# Purple finch in love



## JanS (Apr 14, 2004)

One of my favorite parts of spring and early summer is watching all of the wild birds trying to "wow" their mate. A good share of them do this on our deck rail, so we always get a kick out of all of their fancy moves. I finally caught a little footage of a male purple finch doing his dance today, so I thought I'd share.
What do you think the little lady is thinking? Total boredom, hmm he looks interesting, WOW!, etc.?



I took this through a window, so it's not the greatest quality, but you can still get the better part of it.


----------



## nailalc (Mar 17, 2006)

I love watching the birds come to our numerous feeders. Saw the same displays from purple finches a couple of weeks ago, most times the female just flies away leaving the male wondering what went wrong.
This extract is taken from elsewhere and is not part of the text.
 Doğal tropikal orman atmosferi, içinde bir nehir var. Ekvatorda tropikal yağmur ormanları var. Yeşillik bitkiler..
This year is the first year that we've ever had orioles visit. I saw one in the neighborhood and put grape jelly out and they've been consistent visitors every since. Even the robins are eating the jelly, I've never seen that.


----------



## cs_gardener (Apr 28, 2006)

I enjoyed watching the display, even if the female seemed somewhat underwhelmed. Thank you for sharing, I don't have the opportunity to witness that type of display here and it's such fun to see.


----------



## Tex Gal (Nov 1, 2007)

That's so cute. He's saying "Hey baby! Look at this! How do you like this! Come on baby! No one compares to me!"

Kinda the same with humans, isn't it?!


----------



## jazzlvr123 (Apr 29, 2007)

Tex Gal said:


> That's so cute. He's saying "Hey baby! Look at this! How do you like this! Come on baby! No one compares to me!"


hahahahha thats great


----------



## Six (May 29, 2006)

That's awesome! I'm jealous! I never get to see songbirds often, let alone displaying! Very cool.
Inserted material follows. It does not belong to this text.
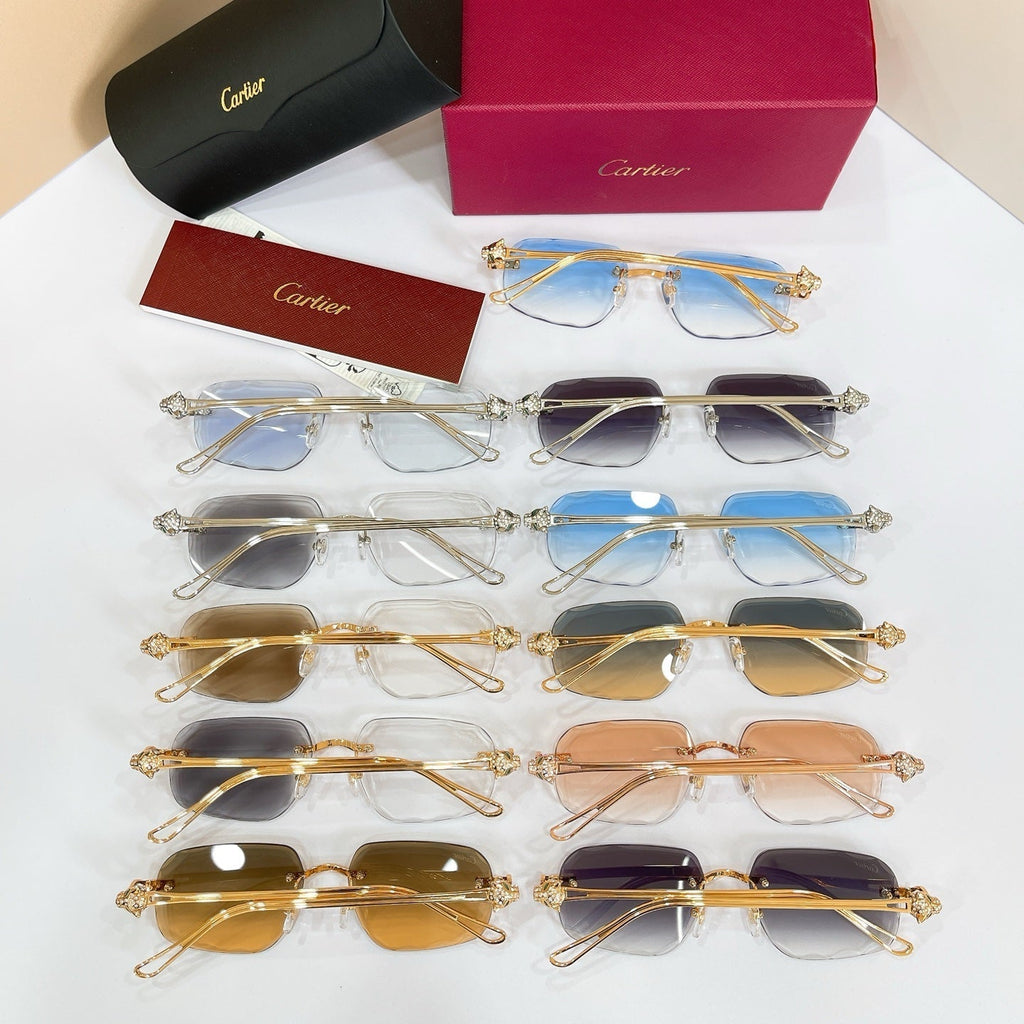 Cartier CT7072S Sunglasses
If you guys liked that, You'll love the Planet Earth series, I think the deciduous forest episode with the birds of paradise:









i didnt know purple finches displayed so similarly. i guess i thought they just sang to their ladies! LOL.


----------



## Tex Gal (Nov 1, 2007)

Six - Is that planet earth series just the coolest series you've ever seen!! I've watch many of them and still come away with my jaw on the ground and my eyes bugged out!!! [smilie=b:


----------



## JanS (Apr 14, 2004)

LOL! Yes, I get the biggest kick out of all of their different displays.

I need to get the HD version of Planet Earth one of these days too, so I can see it in it's full spectrum.
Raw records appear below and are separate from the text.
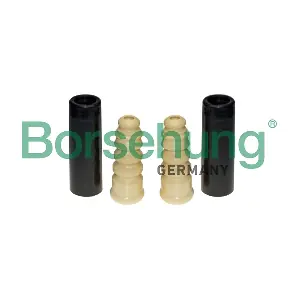 B10022 Borsehung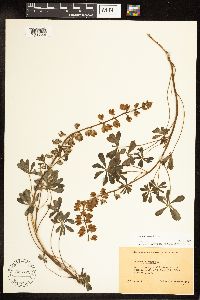 Lupinus perennis image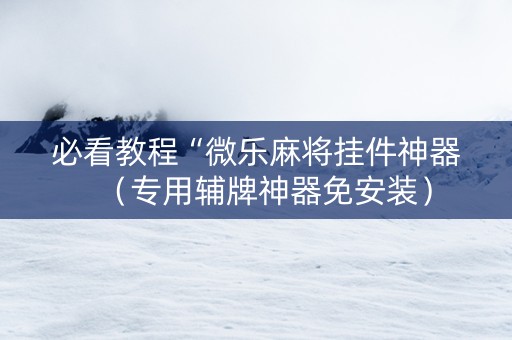 必看教程“微乐麻将挂件神器（专用辅牌神器免安装）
nailalc, aren't the Orioles cool? We have them come through every year, and this year a female almost emptied our Hummingbird feeder, but about the time I get an actual Oriole feeder out, they are gone again. I do put orange halves out for them and they like it, plus a bunch of other birds also indulge, so it's worth it.
We also try to put jam or jelly out for the Robins since it always has to snow quite a bit after they get here and I worry about them.

Right now we have a bird out there that is perfectly emulating a cell phone ringing, right down to the timing between rings. The first day I heard it I had to look all over thinking someone left a phone out there somewhere, but it's coming out of a tree, so I can only assume it's a starling since they are such good mimics.... LOL!


----------



## Bert H (Mar 2, 2004)

Great clip, Jan.


----------



## JoyfulGirl (Nov 19, 2004)

I dunno what the lady bird is thinking but I'm wondering why male birds naturally know how important dancing is and it can be such a difficult concept to get across to male humans...


----------



## Brilliant (Jun 25, 2006)

That video is awesome! 

This year I got to see the Northern Flicker showing off.

Thanks for the tip on the jelly. I've seen an Oriole twice and enjoy watching different birds in the yard.


----------